The need to convert data from analog to digital formats will depend on the assessed value of the
particular data set in question. Data cleaning and deidentification are very important curation activities
but should be performed by the data owners rather than the library curation staff.
We believe all this is important, just not things the LIBRARY needs to do or should do.
Here are descriptions of ten more data curation processing and review activities.
File Inventory or Manifest: The data files are inspected periodically and the number, file types
(extensions), and file sizes of the data are understood and documented. Any missing, duplicate, or
corrupt (e.g., unable to open) files are discovered.
File Renaming: To rename files in a dataset, often to standardize and/or reflect important metadata.

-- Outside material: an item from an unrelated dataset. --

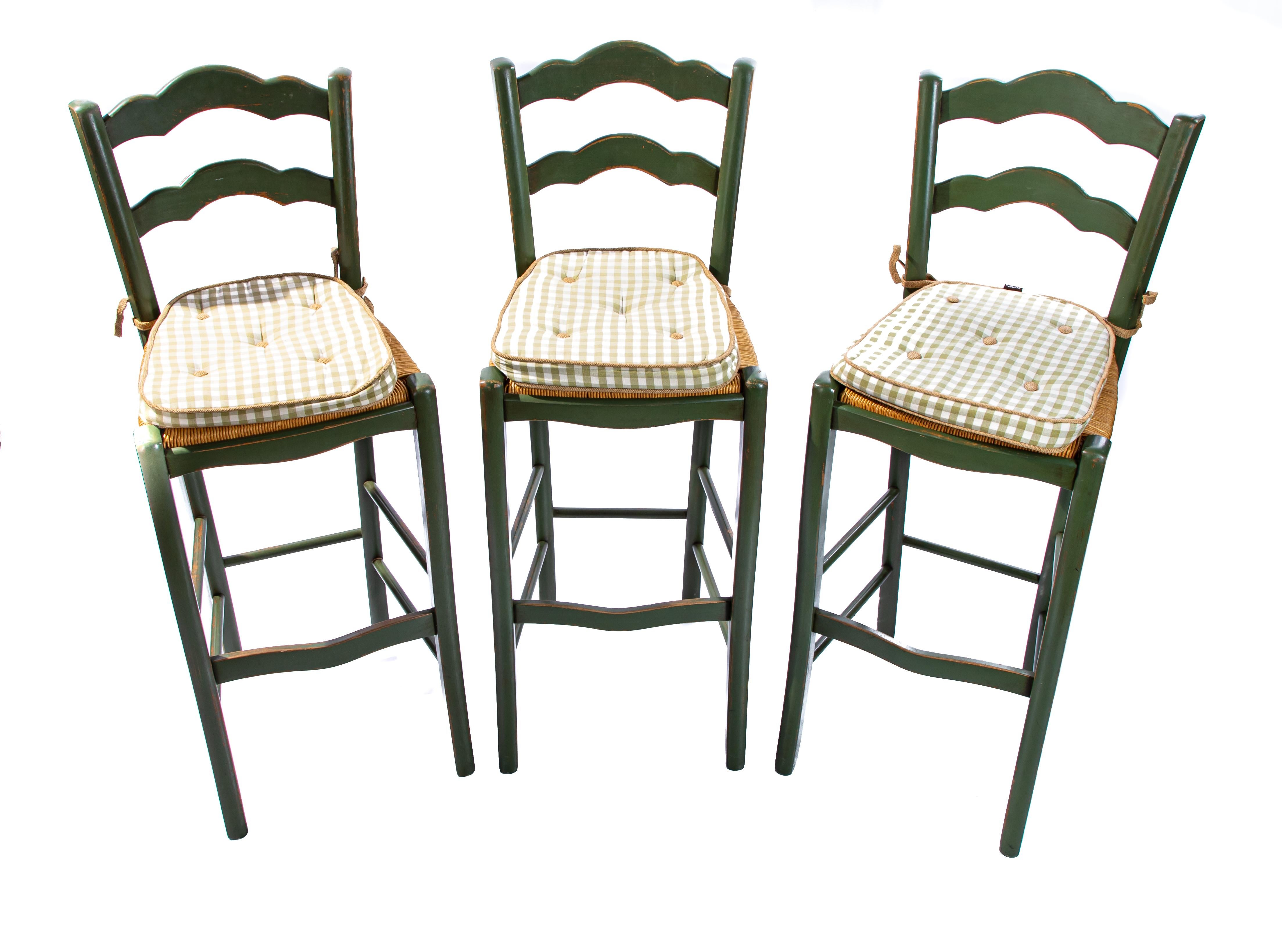 Offering three beautiful Italian barstools painted in green. Sitting atop a simple cabriole leg and curvy stretchers. They have rush seats and plaid upholstered pads. They all three have ladder backs. Marked on the underside, made in Italy.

Indexing: Verify all metadata provided by the author and crosswalk to descriptive and administrative
metadata compliant with a standard format for repository interoperability.
Interoperability: Formatting the data using a disciplinary standard for better integration with other
datasets and/or systems.
Peer-review: The review of a data set by an expert with similar credentials and subject knowledge as
the data creator for the purposes of validating the soundness and trustworthiness of the file contents.
Persistent Identifier: A URL (or Uniform Resource Locator) that is monitored by an authority
to ensure a stable web location for consistent citation and long-term discoverability. Provides
redirection when necessary (e.g., a Digital Object Identifier or DOI).
Quality Assurance: Ensure that all documentation and metadata are comprehensive and complete.
Example actions might include: open and run the data files; inspect the contents in order to validate,
clean, and/or enhance data for future use; look for missing documentation about codes used, the
significance of “null” and “blank” values, or unclear acronyms.
Restructure: Organize and/or reformate poorly structured data files to clarify their meaning
and importance.
Software Registry: Maintain copies of modern and obsolete versions of software (and any relevant
code libraries) so that data may be opened/used overtime.
Transcoding: With audio and video files, detect technical metadata (min resolution, audio/video
codec) and encode files in ways that optimize reuse and long-term preservation actions (e.g., Convert
QuickTime files to MPEG4).
39. Please indicate the importance of these data curation processing and reveiw activities on a scale
of 1 to 5 where 1=essential; 2=very important; 3=moderately important; 4=less important; 5=not
important. N=22
Activity 1 2 3 4 5 Rating Average
Persistent Identifier 18 3 1 0 0 1.23
File Inventory or Manifest 10 5 3 2 2 2.14
Indexing 6 8 5 2 1 2.27
Quality Assurance 3 9 6 2 2 2.59
Transcoding 4 9 3 4 2 2.59
Software Registry 2 8 5 5 2 2.86